New Year’s Revelers gathered in New York City’s Times Square two days ago had to contend with the coldest weather in at least 55 years, with the temperature falling to just eight degrees, and -4 with the wind chill. Even so, temperatures were higher than expected. As President Donald Trump had reminded us, New Years was expected to be the coldest on record.

But the cold snap that ushered in the new year has only worsened, with temperatures dropping 15 to 25 degrees below average in vast areas of the US, breaking century-old records. The cold front has sent temperatures below freezing in more than 92% of the Continental US, according to RT.

Because of this, citizens and authorities are taking unusual measures to stay warm and to keep facilities running.

For example, the water tower in an Evansdale suburb in Iowa froze when temperatures fell to minus 20 degrees.

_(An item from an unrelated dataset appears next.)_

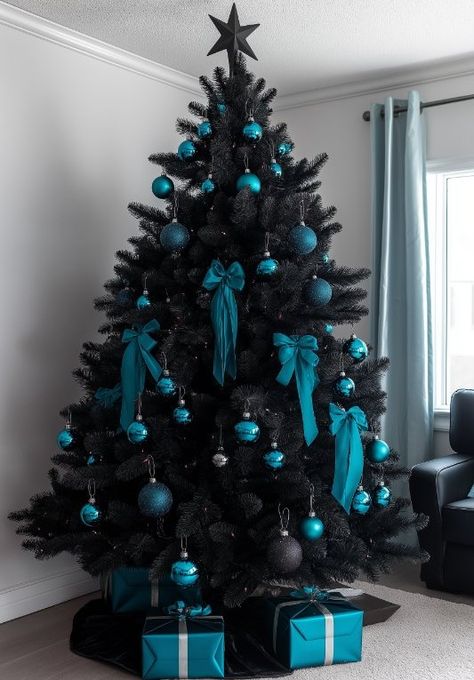 Christmas Tree Unique Decorations, Black Tree With Blue Ornaments, Black Christmas Trees Ideas, Blue Christmas Trees Ideas, Black And Blue Christmas Tree, Blue Ornaments Christmas Tree, Dark Blue Christmas Tree, Night Before Christmas Tree, Tiffany Blue Decorations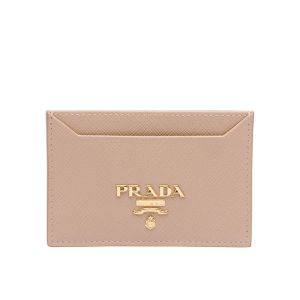 Prada 1MC208 Lettering Saffiano Leather Card Holder In Apricot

Mayor Doug Faas is considering sending in thermal suited divers to help break up the ice. The tower stores water for the town’s needs.

Faas told the Waterloo Cedar Falls Courier that an ice cap which has formed inside the tower is making it impossible for the water to circulate in or out, and the city is exploring all options to find a solution.

The National Weather Service has issued wind chill advisories and freeze warnings as temperatures plunged to a record low of 15 to 25 degrees for a vast area from South Texas to Canada, and from Montana through New England because of a high cold pressure front.

The cold weather has been blamed for nine deaths in the past week.

With temperatures dipping as low as 23 degrees Farenheight, residents in upstate New York are gathering heating supplies in preparation for sub-zero temperatures anticipated for the rest of the week.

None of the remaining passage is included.